弘道館跡地の碑
佐賀藩第10代藩主・鍋島直正は、17歳で藩主になると、自身が幼いころから藩主になるまで学んだ古賀穀堂とともに「教育改革」に着手します。優秀な人材の育成こそが、藩政強化に繋がるという強い信念のもと以前からあった藩校・弘道館の敷地を3倍近くに拡張し、本館や大講堂、武芸場、寄宿舎を設けました。
さらに、当時は、おもに父親の役職を引き継ぐ長男が藩校に通っていましたが、直正は長男に限らず藩士の子息すべてを入学させました。さらに、身分に関係なく優秀な人材を役人にする仕組みをつくり生徒の学ぶ意欲を高めました。
生徒たちは、6、7歳から通学生として学びはじめ、17歳前後で敷地内の寮に入り、朝早くから夜10時頃まで夜寝る間も惜しんで勉強しました。内容は自学自習の学び方で「論語」や「大学」といった中国の古い書物を丸暗記したり、生徒同士で討論したりしながら学問を深めました。
また、剣や槍といった武術の稽古にも励みました。それは、25歳までに学問と武芸の双方の合格基準に達しなければ、役職には就けず、さらに父親の給料を減らすという厳しいルールが設けられていたからです。

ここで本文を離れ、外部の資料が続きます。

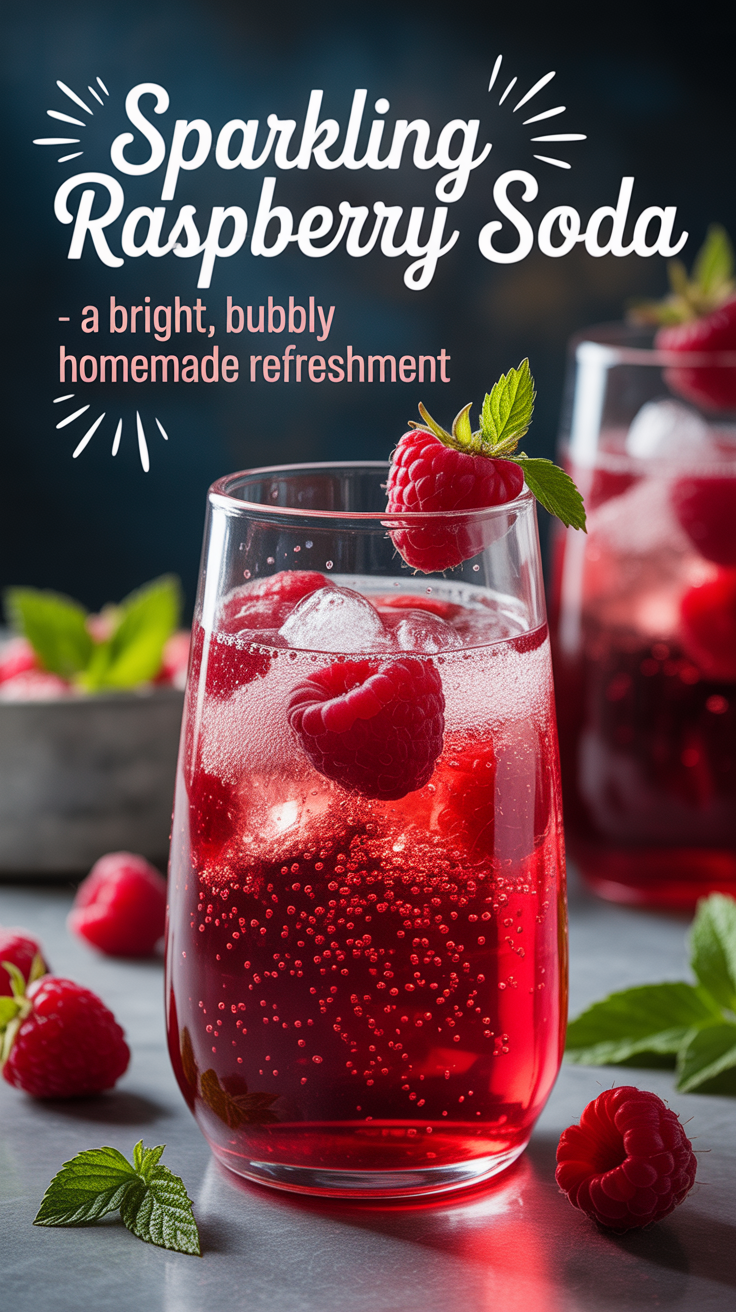 Pinterest pin for Sparkling Raspberry Soda - A Bright, Bubbly Homemade Refreshment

しかし、優秀な成績を修めると、江戸や大阪へ出て学ぶことができたり、藩の役人となる道が開かれたりしました。こうして勉強してきた生徒たちは、全国の優秀な生徒が集まる江戸の学問所でもトップクラスの実力を発揮しました。
その中には、明治の新しい時代の基盤をつくった、佐野常民や大隈重信といった偉人たちの名前もあがります。佐賀藩が近代化のトップを走り続けたのには、「人」を育てる「教育」が大きくかかわっていました。